= Jill Wynns =

American politician

Jill Wynns is a former member of the San Francisco Board of Education. She served on the board from her initial election in 1992 until losing re-election in 2016. Her term was longer than any other board member.

== Biography ==
Jill Wynns was raised in and around New York City and its nearby rural areas in the 1950s and 1960s. She was admitted to the private Hofstra University after her junior year in high school. She spent one year in college in Sweden, then moved to San Francisco in 1969 after earning her BA in Humanities. She worked for 10 years in professional theater as a costume designer and costume shop manager. She is currently employed as a campaign executive (professional fundraiser) for the Jewish National Fund.

Wynns became increasingly involved in political issues surrounding education when her three children started public school in San Francisco. For six years she was the President of San Francisco Parents' Lobby, a citywide political organization for public school parents, and was a founding organizer of a local education coalition, San Franciscans Unified.

== Political history ==
Jill Wynns was first elected to the San Francisco Board of Education in 1992, and was re-elected in 1996, 2000, 2004, 2008, and 2012. She served as President of the School Board in 2001 and 2002, and served as Chair of the Budget Committee for five years. In the November 4, 2012 election, Wynns was elected to the school board for a record fifth term (the longest serving board member).

== Accomplishments ==
Wynns has become nationally recognized for her opposition to the commercialization and privatization of public schools. Wynns also gained renown for helping expose corrupt Superintendent Bill Rojas. As the San Francisco Bay Guardian noted when they endorsed her in 2004, "Wynns has spent years as the board skeptic, asking the uncomfortable questions that needed asking and identifying legal and financial realities."

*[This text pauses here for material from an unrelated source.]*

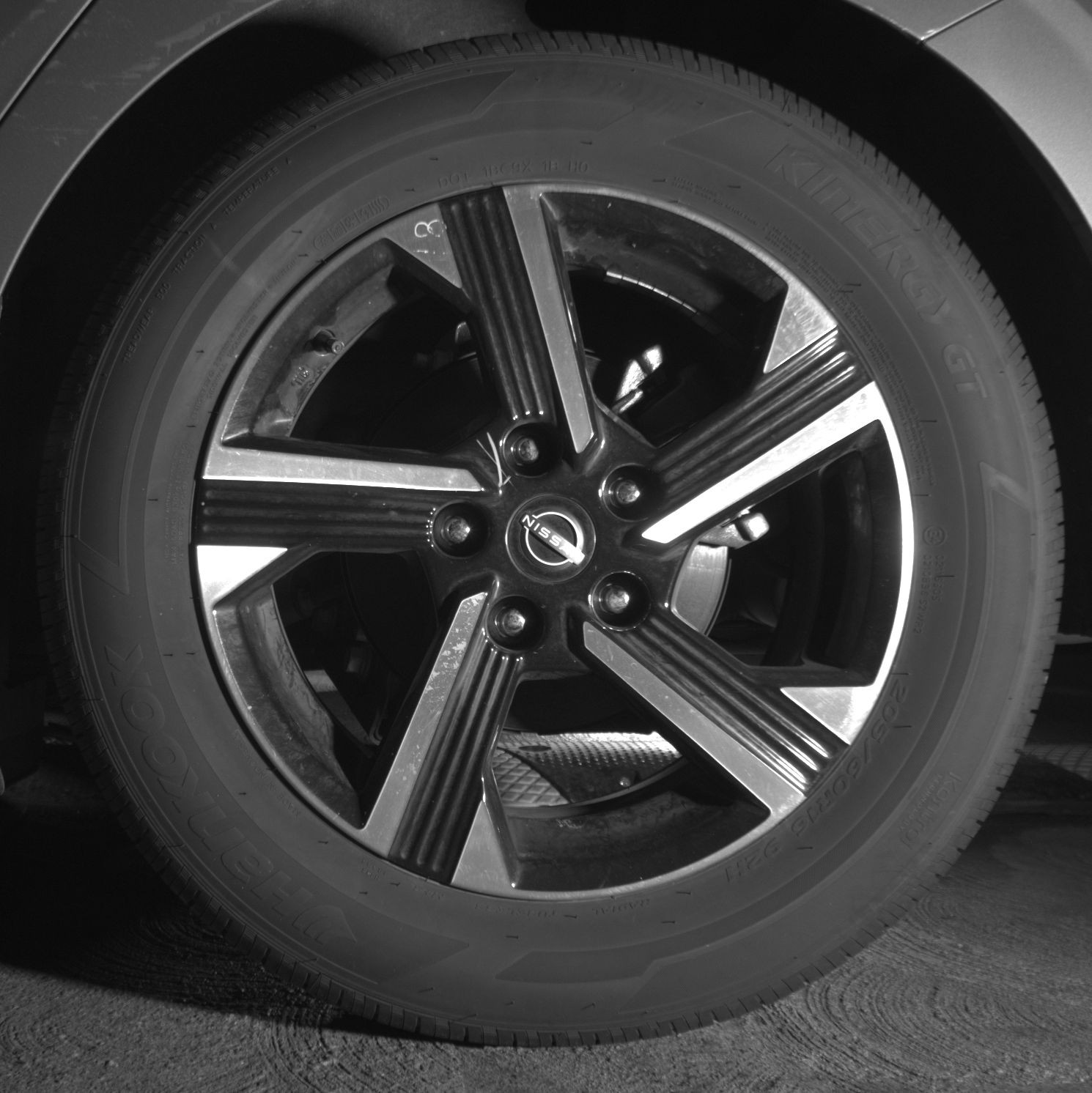 Thumbnail: 2025 Nissan Sentra - 11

Wynns was as a supporter of former San Francisco Superintendent Arlene Ackerman, who eventually left after increasing clashes with the board's leftist faction. Ackerman left San Francisco to become superintendent of Philadelphia's school system, and subsequently died in February 2013. Wynns was known as the board's vocal supporter of keeping the JROTC program in San Francisco schools, though the board majority voted to discontinue JROTC. Wynns has said that although she opposes the Iraq war and military recruiters in the schools, students and parents have convinced her that JROTC has provided valuable resources and support to many students. In 2008, San Franciscans agreed with Wynns, voting 55-45 percent in favor of Proposition V, which made it City policy to urge the San Francisco Board of Education to reverse its elimination of the Junior Reserve Officers' Training Corps (JROTC).

Labor negotiations

In 2006, Wynns voted in the majority to hire replacement workers in the event of a teacher's strike after teachers mobilized to fight their low wages and years without a raise. This vote followed a growing rift between Wynns and the union, as Wynns had voted multiple times to lay off teachers. Wynns viewed those actions as necessary to balance the district budget and points out that the San Francisco Unified School District risks being taken over by the state and losing local control if its budget goes into the red, as has happened to other nearby school districts.